IDPC graphic showing the vote to delete references to the 2030 Agenda for Sustainable Development from the Commission's agenda.

The expert panel

The 69th CND was the session where the panel was finally appointed. The United Nations Office of Drugs and Crime (UNODC) also confirmed the panel’s role: to strengthen implementation of the international drug control treaties ahead of the 2029 review.

The same session also adopted five resolutions, including one promoting evidence-based responses grounded in human rights. This does not mean Vienna has fully eliminated prohibitionist thinking, but it does show a shift towards a rights-based approach embedded in the Commission’s work.


The panel matters, but so do its limits

The expert panel could be one of the most important developments in international drug policy in years. If it does its job properly, it could help expose the failures of the existing regime and point towards more humane and effective frameworks.

The panel includes members selected by the Commission, the UN Secretary-General, the International Narcotics Control Board and the World Health Organization. One to note is Australia’s Michael Farrell as the WHO representative. As the Director of the National Drug and Alcohol Research Centre, Farrell is a world-leading expert in addiction psychiatry. His presence is a crucial safeguard, providing an evidence-based link to public health.

But there are still reasons to be cautious. Even where members serve in a personal capacity, they are still often elected from official, diplomatic, and institutional circles, leaving the people most harmed by prohibition often underrepresented. The IDPC also warned when the panel was created that the process could be shaped too heavily by UNODC, raising legitimate concerns about independence and bias.

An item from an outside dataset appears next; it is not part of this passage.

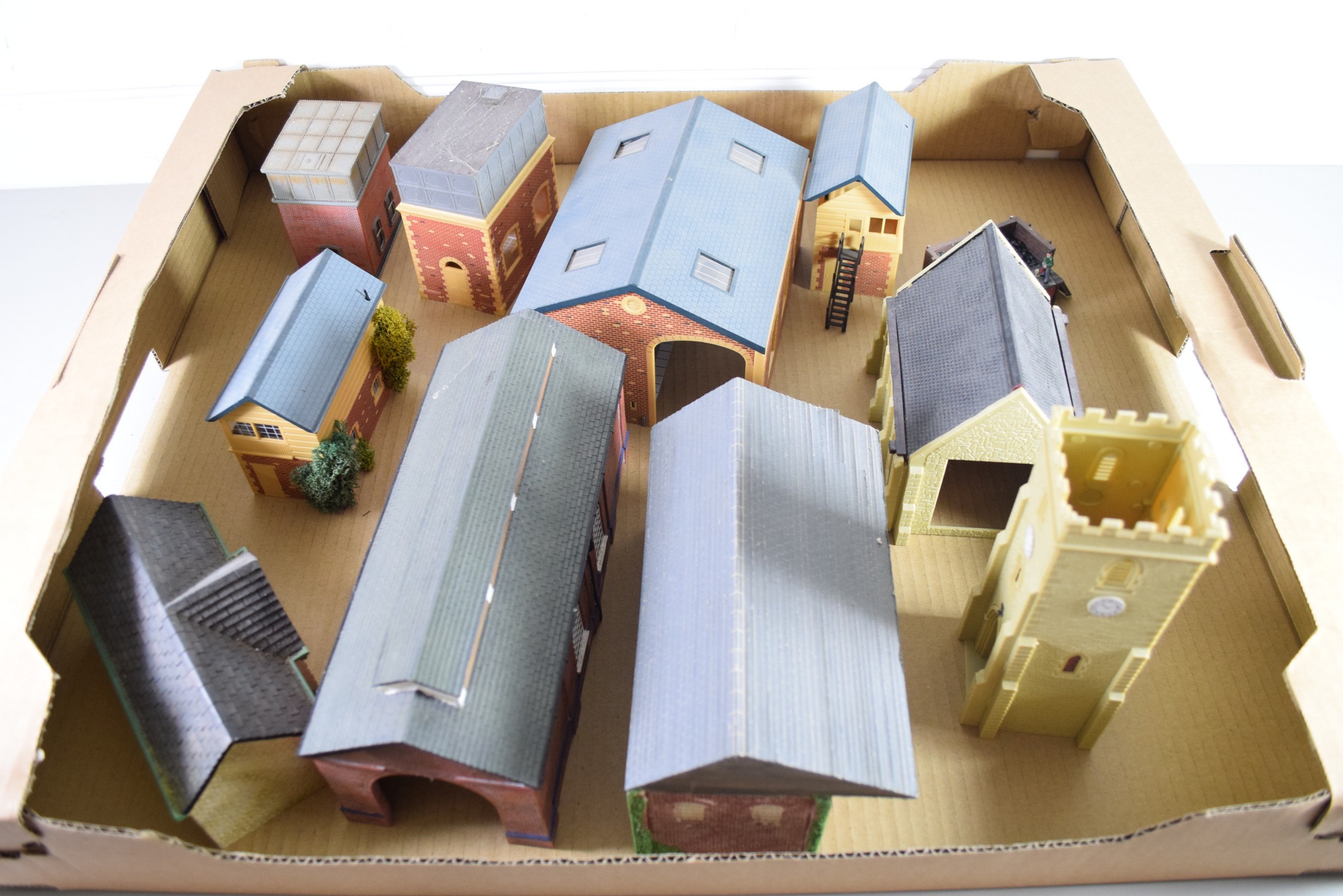 Group of resin and plastic models of buildings to include engine shed, water tower, church etc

Graphic from the International Drug Policy Consortium displaying who is involved in the Independent Expert Review Panel

Graphic showing the 19 members of the CND expert panel.

The way forward

The 69th CND did not end the drug war. But it did confirm that old attitudes are fading. Across three consecutive sessions, the Commission has moved from cautiously recognising harm reduction, to authorising a serious review mechanism, to formally establishing the panel that could shape the ongoing drug policy debate. That is not enough, but it is progress.

It’s now clear that the prohibitionist model is no longer unchallenged, and that the US is no longer able to dictate the terms of the discussion as it once did. If drug policy is to be genuinely evidence-based, then it must keep moving away from punishment and towards a rights-based approach.